Aim of the task » Which lines run from the one containing "Orlando, Fla. Jaime" through the end of the data? Write them out exactly, with the pictures left out.

Captioned web image data
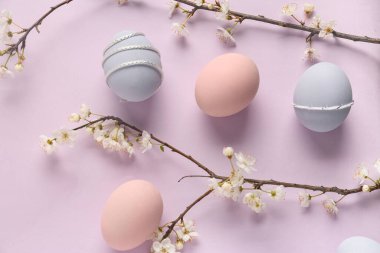 Paskalya yumurtaları ve leylak arka planda çiçek açan dallar. Üst görünüm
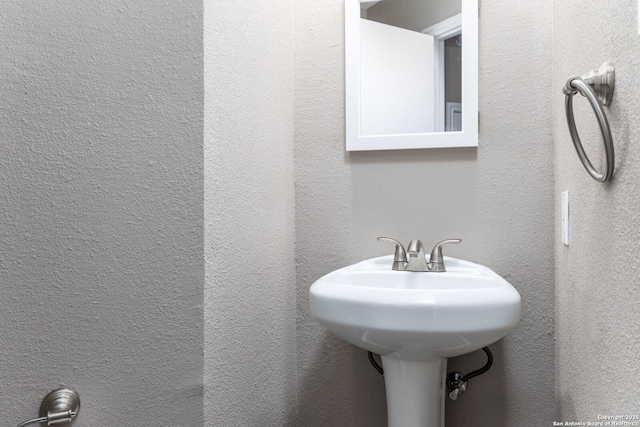 bathroom with a textured wall and a sink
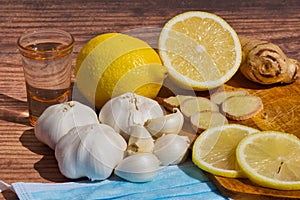 Closeup shot of garlic, lemon, ginger, a drink, and sanitary mask - concept of folk remedies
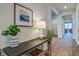 Inviting foyer features decorative table with lamps, plants and artwork on wall, with view into other rooms at 2279 Macallan Blvd, Ravenel, SC 29470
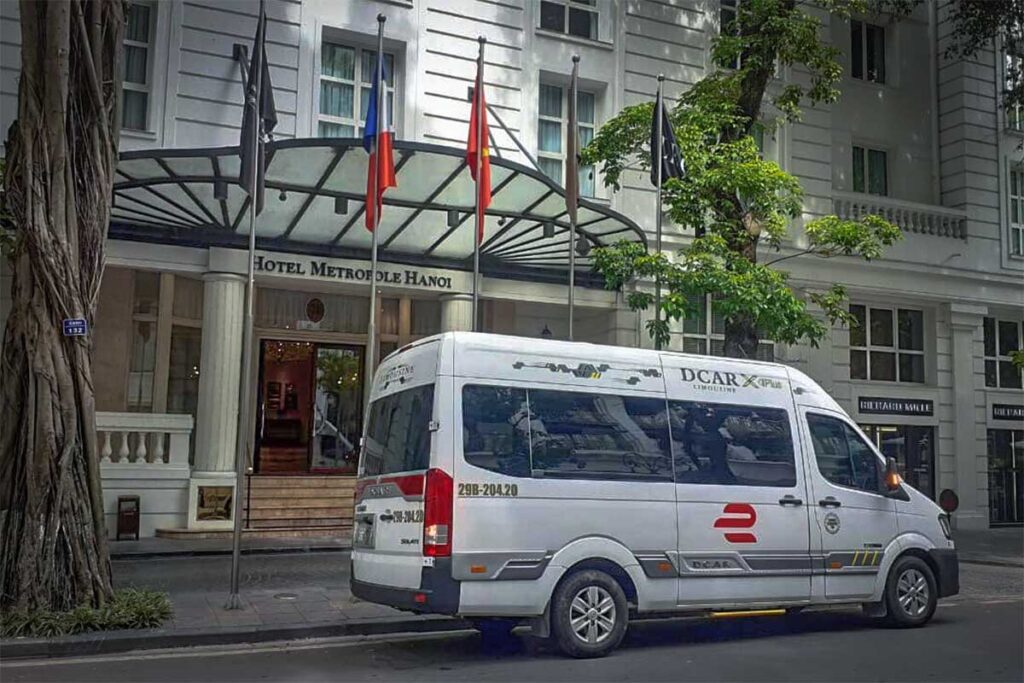 A limousine van parked outside a hotel in Hanoi before departing to Sapa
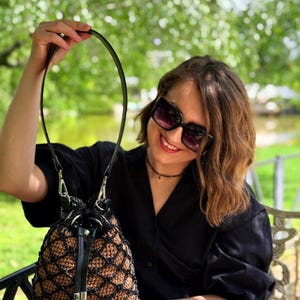 Pode incluir: Uma bolsa de balde de croch&ecirc; marrom e preta feita &agrave; m&atilde;o com uma al&ccedil;a de couro preta e fecho de cord&atilde;o. A bolsa tem um design exclusivo em forma de rede e ferragens prateadas. A bolsa &eacute; segurada por uma pessoa.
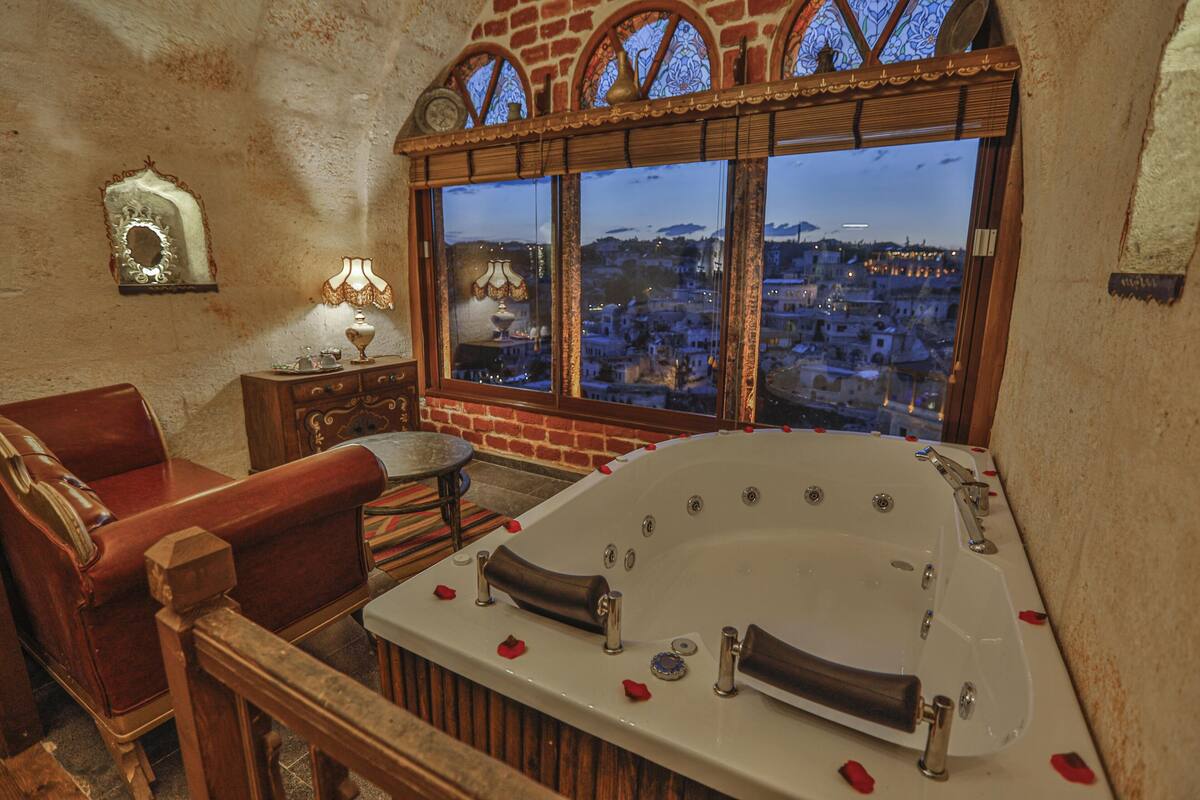 Ein Zimmer mit einer großen Badewanne, einem Holzstuhl, einem kleinen Tisch mit einer Lampe und Blick auf eine Stadtlandschaft durch Bogenfenster.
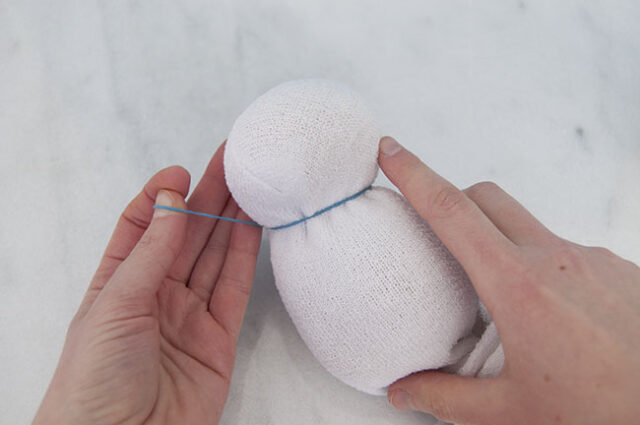 Wrapping elastic band onto snowman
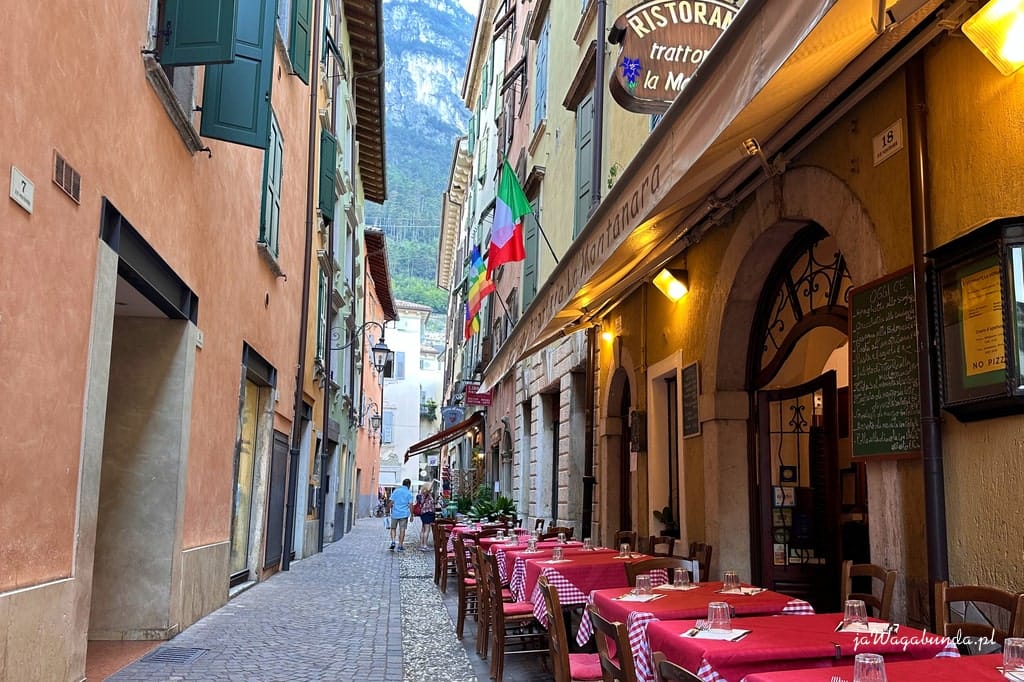 wąska uliczka w starym mieście a w niej nakryte stoliki w restauracji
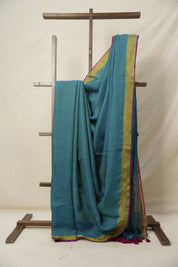 Peacock Green Plain Linen Saree With Pink Tassels - SRPGPLS341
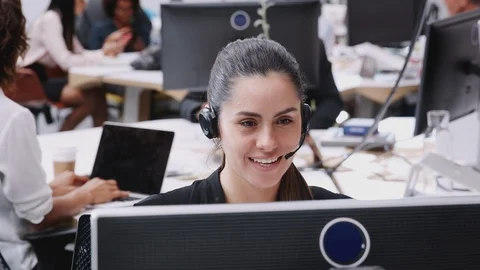 Female Customer Services Agent Working At Desk In Call Center Stock Footage 111924730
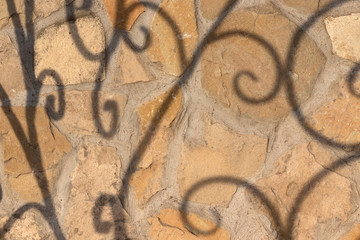 Natural stone laid out on a plane and attached to cement with glue with shadows from the grid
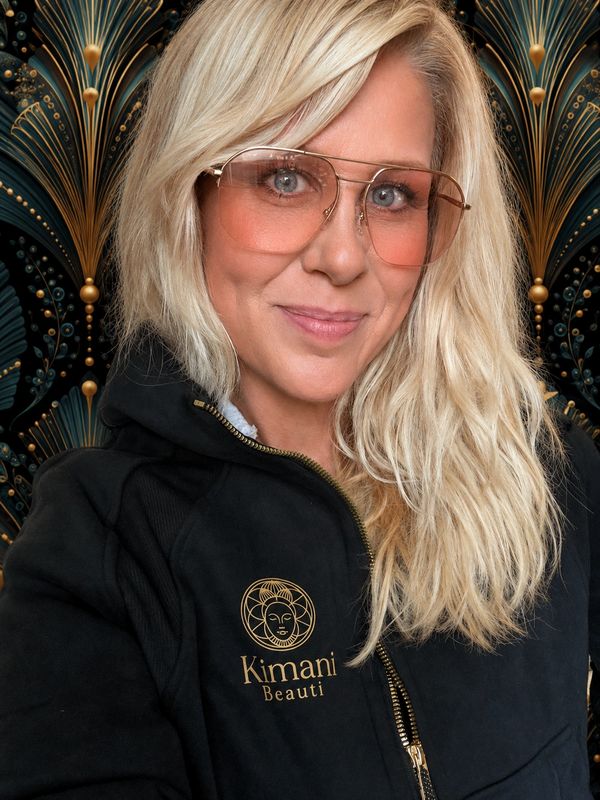 Blonde woman with pink-tinted sunglasses and Kimani Beauti jacket.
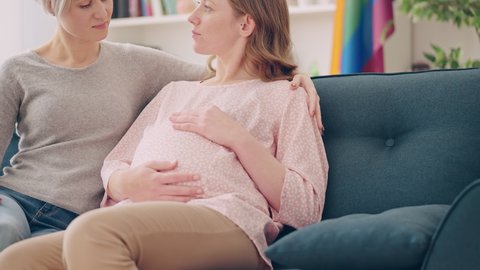 Two gay women expecting a baby, happy couple sitting and talking on couch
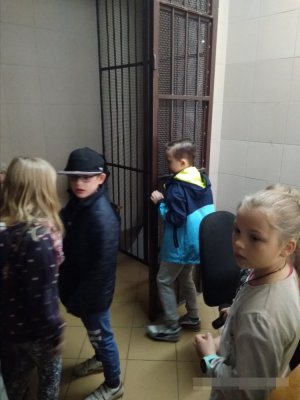 zdjęcie przedstawia fragment pomieszczenia dla osób zatrzymanych oraz czwórkę dzieci zwiedzających je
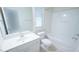 Bright bathroom features a white vanity, toilet, and tub-shower combination at 5916 Longeria Ct, Raleigh, NC 27612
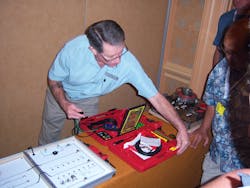 Jaime Lazarus demonstrates the capabilities of Power Probe tools during the ISN show in Orlando, Fla. Jaime Lazarus demonstrates the capabilities of Power Probe tools during the ISN show in Orlando, Fla.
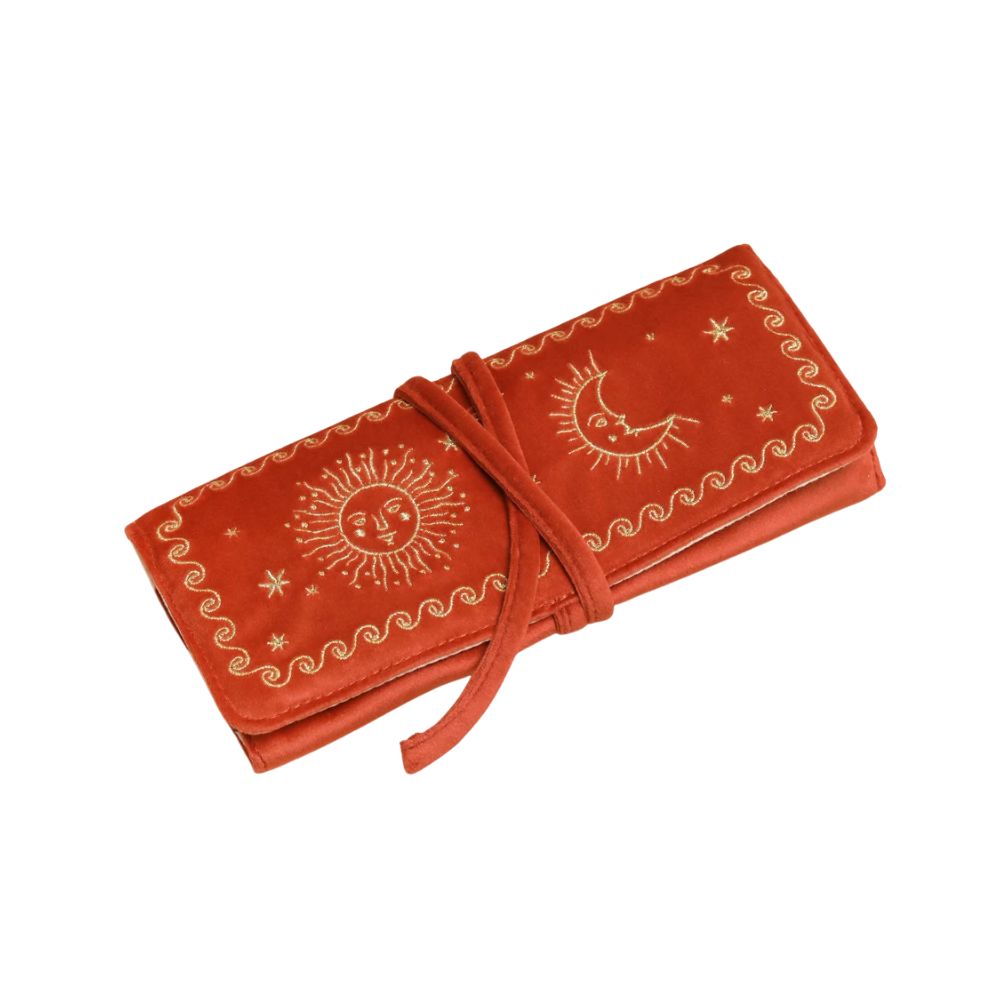 A terracotta orange velvet journal cover featuring gold celestial embroidery of a sun, moon, and stars, wrapped with a matching tie strap on a white background.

Solution for this problem »
 Jaime Lazarus demonstrates the capabilities of Power Probe tools during the ISN show in Orlando, Fla. Jaime Lazarus demonstrates the capabilities of Power Probe tools during the ISN show in Orlando, Fla.
 A terracotta orange velvet journal cover featuring gold celestial embroidery of a sun, moon, and stars, wrapped with a matching tie strap on a white background.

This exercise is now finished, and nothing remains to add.